This week is Children’s Mental Health Awareness Week and there are events all over Massachusetts. Some of them are splashy — such as dinners and photo exhibits — but most are low key events organized by parents and those who want to do something about the stigma still attached to mental health disorders. The governor and many mayors issue proclamations, posters and flyers are put up in communities and everyone is urged to wear a green ribbon. I’m wearing one right now; are you?

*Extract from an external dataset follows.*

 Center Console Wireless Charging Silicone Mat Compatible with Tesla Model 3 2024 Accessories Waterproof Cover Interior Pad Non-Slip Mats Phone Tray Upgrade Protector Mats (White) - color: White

What I love most about children’s mental health week is that it still belongs to the families who started it. In November 1995, I went to the annual conference of the national Federation of Families and heard a presentation by a passionate, funny and articulate group of families from Missouri. They had come together and decided that the most important thing they could do for their kids was try and reduce stigma. “This isn’t a casserole illness,” one said. “No one comes to your house with lasagna or a casserole when your child goes into a psychiatric hospital. Instead, they either don’t know what to say, or worse, act as if this is somehow the parent’s fault.” So they started a campaign to raise awareness, reduce stigma and celebrate their children. It’s still going strong in Missouri to this day.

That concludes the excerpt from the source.